Published in final edited form as: Nature. 2020 Jul 15;583(7817):620–624. doi: 10.1038/s41586-020-2502-7

Extended Data Fig. 3 |. FMD-mediated increase in ET anti-cancer activity is mediated by the reduction in circulating insulin, IGF1 and leptin.

Extended Data Fig. 3 |

a, MCF7 cells were seeded in 96-well plates and cultured for 96 h with or without STS conditions (1% FBS, 0.5 g/l glucose), low-serum conditions (1% FBS, 1 g/l glucose), TMX or FULV at the indicated concentrations, or combinations of these treatments. Thereafter, cell viability was determined. One representative experiment out of three is presented. Cell viability in each treatment condition was calculated from three (MCF7 cells) or four (T47D, ZR-75–1 cells) biological replicates (wells). b, c, Serum β-hydroxybutyrate, IGFBP1, IGFBP3, adiponectin, TNF and IL-1β concentrations in female 6–8-week-old BALB/c nude mice treated with fasting/FMD (or ad libitum diet) with or without TMX or FULV. In all mouse groups, serum was collected at the end of the fasting/FMD. Data are from biological replicates. d, MCF7 cells were injected into 6–8-week-old female BALB/c nude mice; once tumours became palpable, mice were randomized to be treated with ad libitum diet (n = 6), FULV (n = 6), FULV + weekly FMD (n = 6), FULV + FMD + i.p. insulin (n = 5), FULV + FMD + IGF1 (n = 5), FULV + FMD + leptin (n = 5), or FULV + FMD + combined insulin, IGF1 and leptin (FRFs; n = 7).

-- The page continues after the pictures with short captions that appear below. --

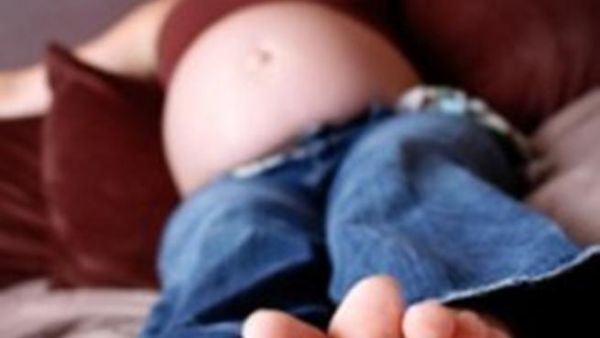 الأقدام المنتفخة سبب للإزعاج خلال الحمل الأقدام المنتفخة سبب للإزعاج خلال الحمل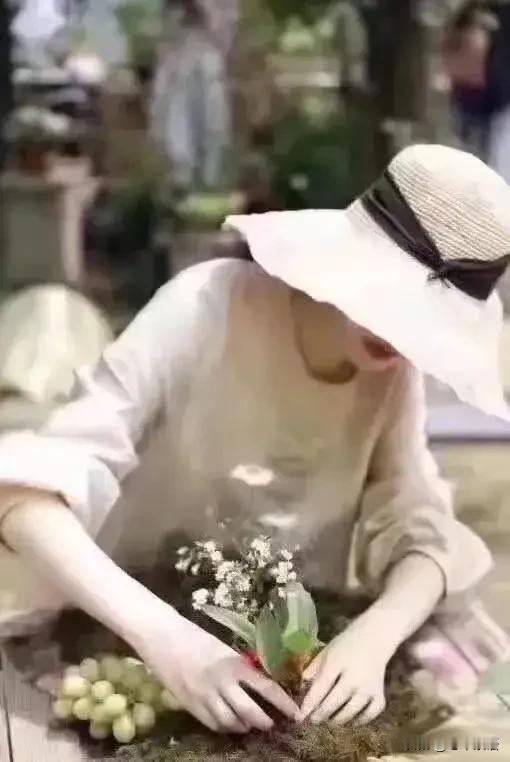 非常通透的话：“人一旦老了，身体先不行了，有没有子女、有没有钱，本质上都一样惨。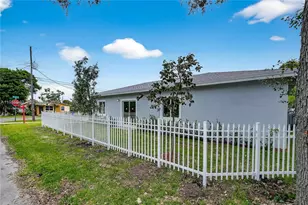 1346 NW 44th St, Miami, FL 33142 - Photo 4
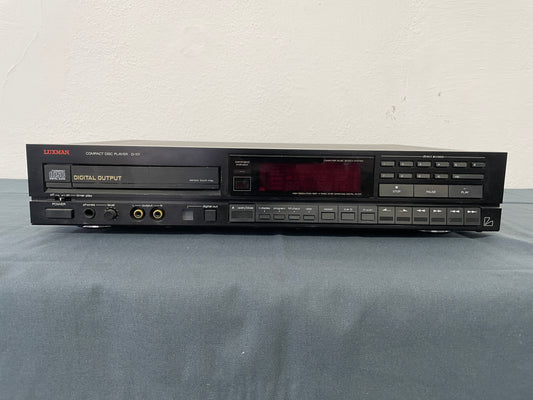 1988 Luxman D-117 CD Player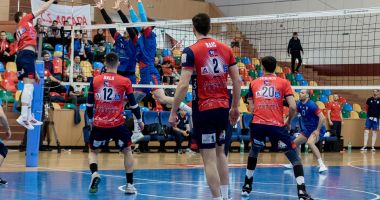 Stire din Sport : Arcada Galaţi - CS Rapid Bucureşti, în semifinalele Cupei României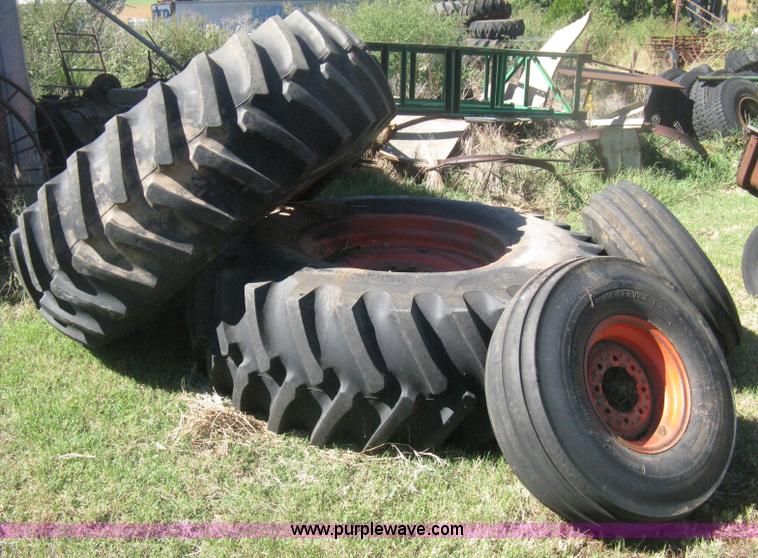image for item H6317 (4) Gleaner L2 combine tires and wheels
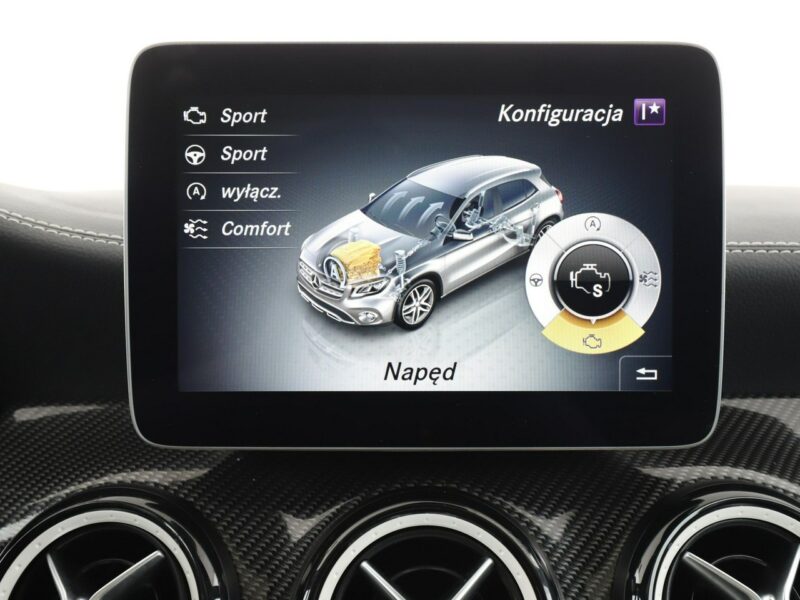 Mercedes GLA 180 Urban AMG Automat Panorama Nawigacja Tempomat Grzana Skóra Kamera LED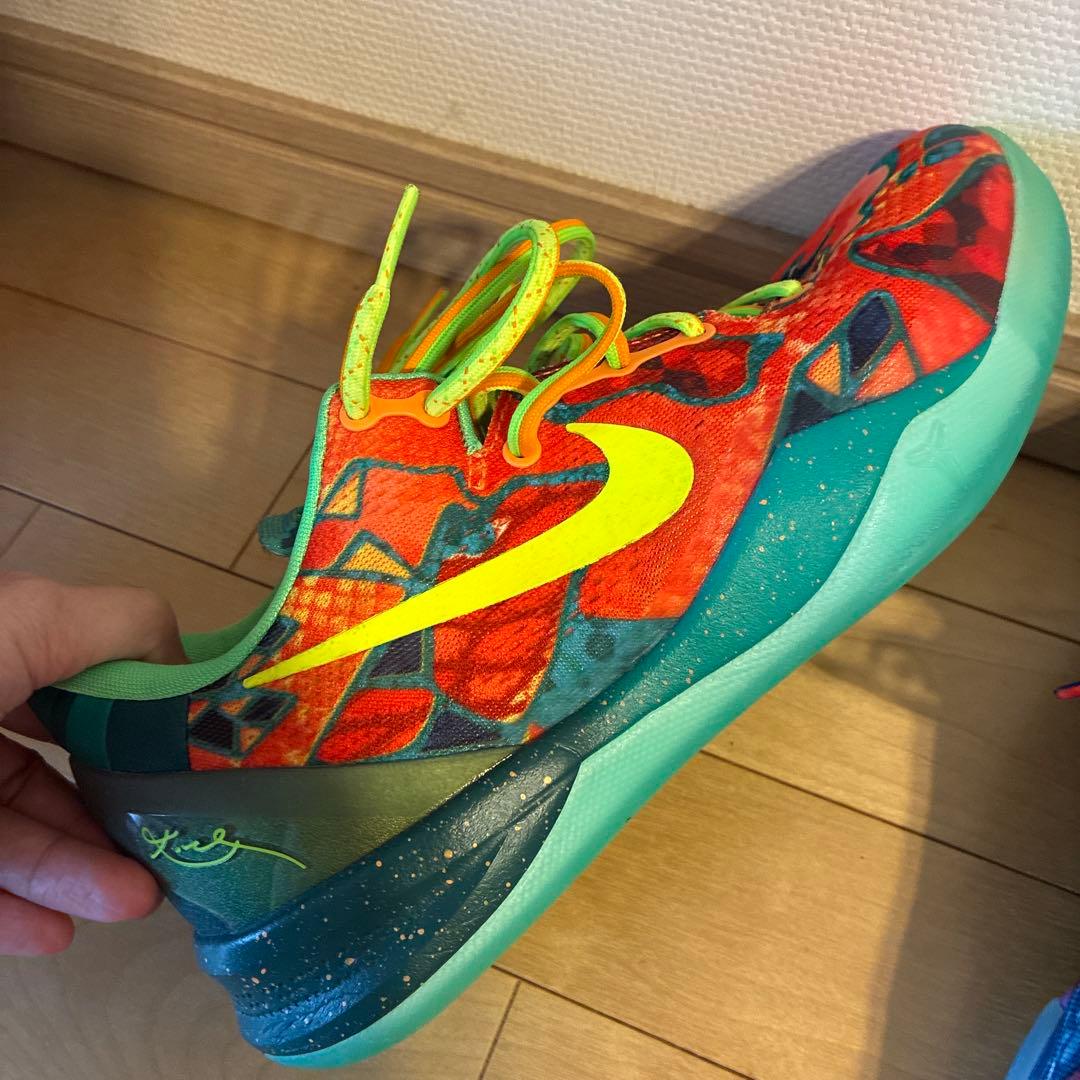 美品！Nike Kobe8 レッド/グリーン/ブルー 予備シューレース付き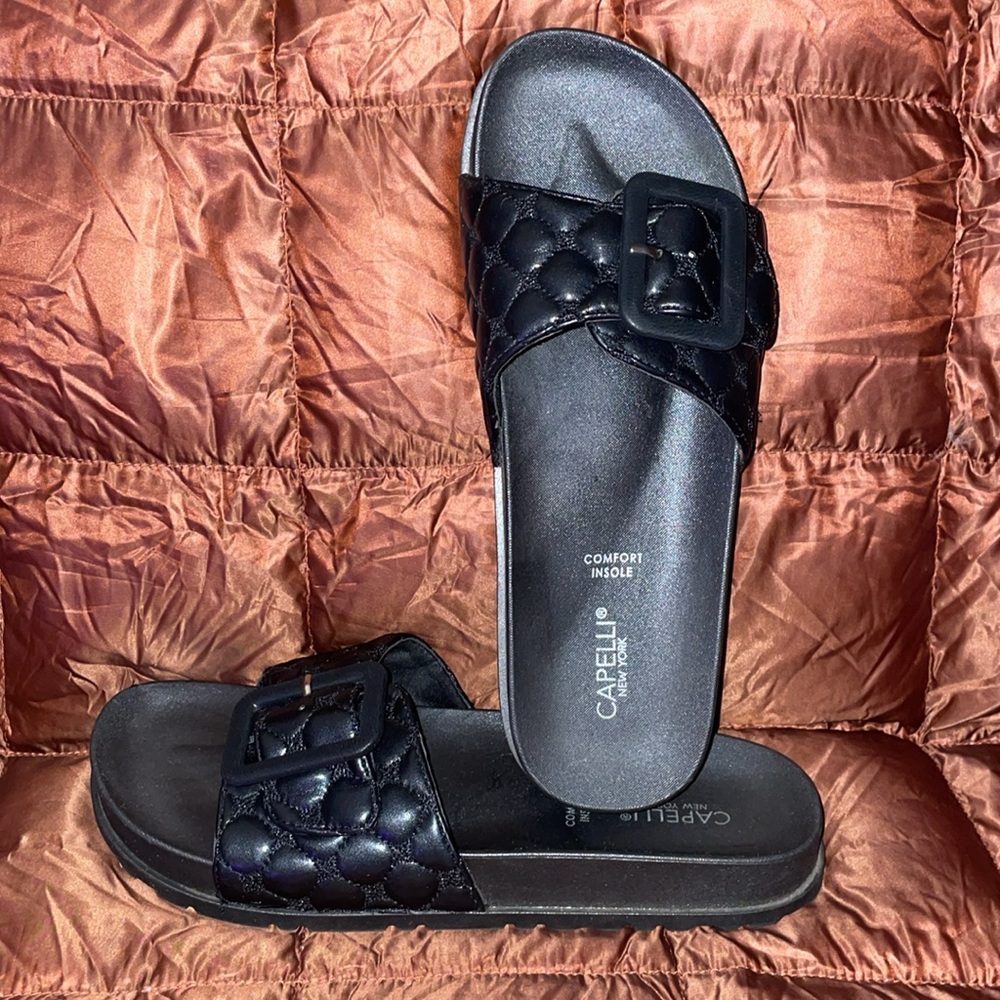 NWOT Capelli of New York Black Quilted Buckle Sandals.  Size 8. - Picture 3 of 5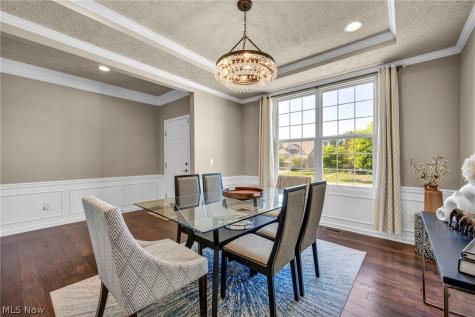 21017 Rockglen Drive Strongsville OH 44149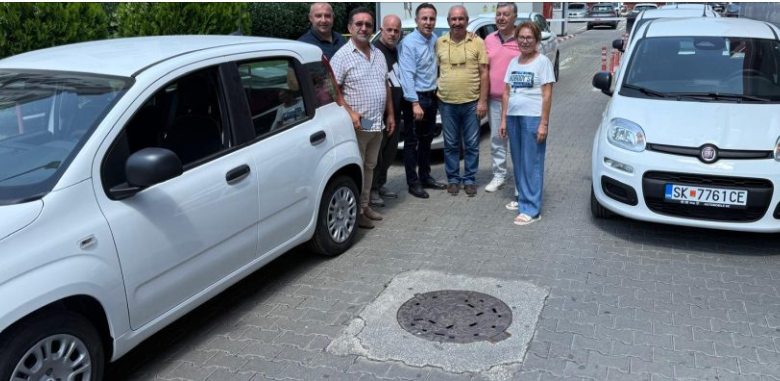 Hasani  6 vetura të reja për Ndërmarrjen Publike për Ekonomizimin e Kullotave Shtetërore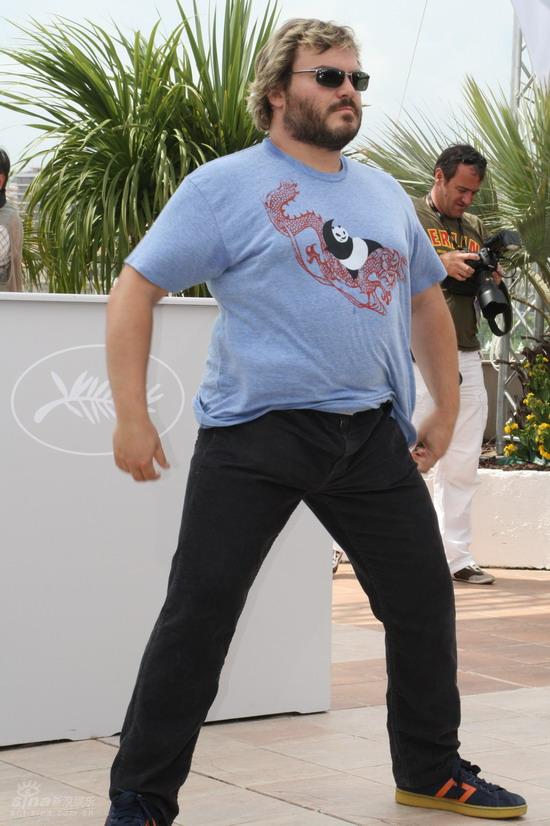 安吉丽娜、达斯汀-霍夫曼和杰克-布莱克出席记者会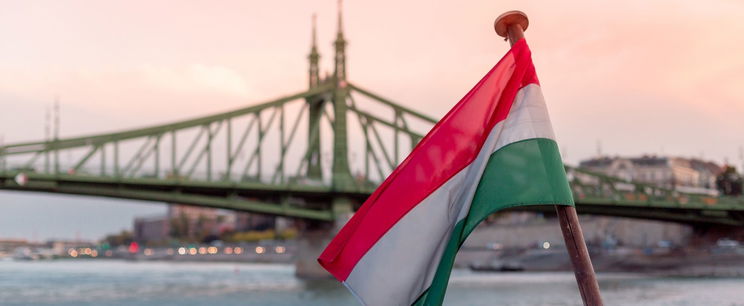 Vérlázító támadás hazánk ellen, ez a figura porig alázta nemzetünk büszkeségeit, a románok se maradtak ki belőle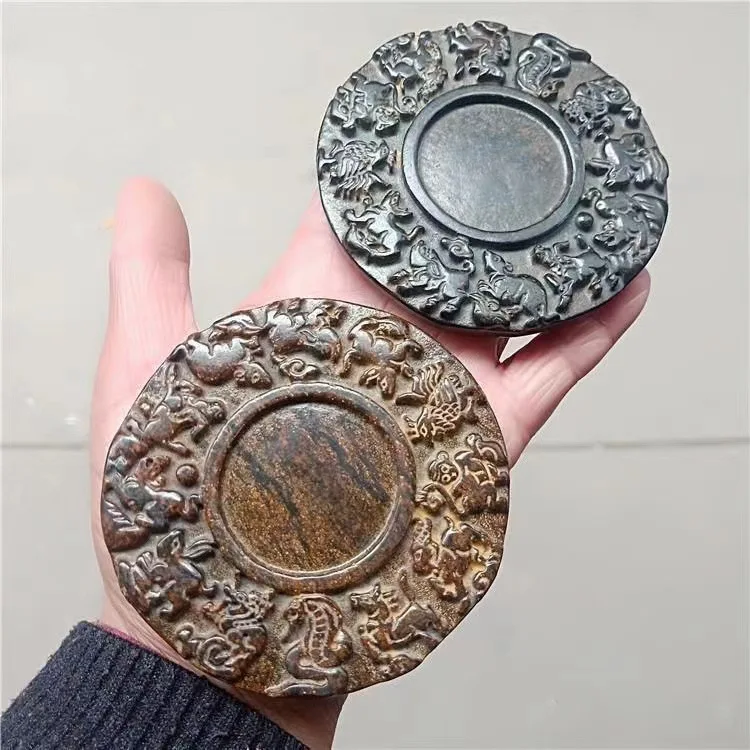 Collezione cinese degli ornamenti di Inkstone dello zodiaco cinese scolpita giada cinese della cultura di Hongshan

FRF administration was withdrawn at day 35 (crossover), while it was started in mice that had only been treated with FULV + FMD. Right, tumour volume in each treatment group at day 57; n, number of tumours per treatment group. e, MCF7 cells were seeded in 96-well plates and cultured for 96 h with or without STS, 10 μM FULV, insulin, IGF1, leptin (at the indicated concentrations), combined insulin, IGF1 and leptin, or combinations of these treatments. Cells were then imaged by light microscopy (left) and cell viability was determined (right). One representative experiment out of three is presented. f, At the end of the experiment shown in d, tumour masses were isolated for protein lysate generation. Total and phosphorylated AKT (Ser473) and p70S6K (Thr389) and vinculin (on the same gel) were assessed by immunoblotting. One representative experiment out of three (n = 5 or 6 tumour masses/treatment group were evaluated) is presented. For gel source data, see Supplementary Fig. 1. Data are from biological replicates and represent mean ± s.d. (ac, e, right) or s.e.m. (d). Data were analysed by two-tailed Student’s t-test.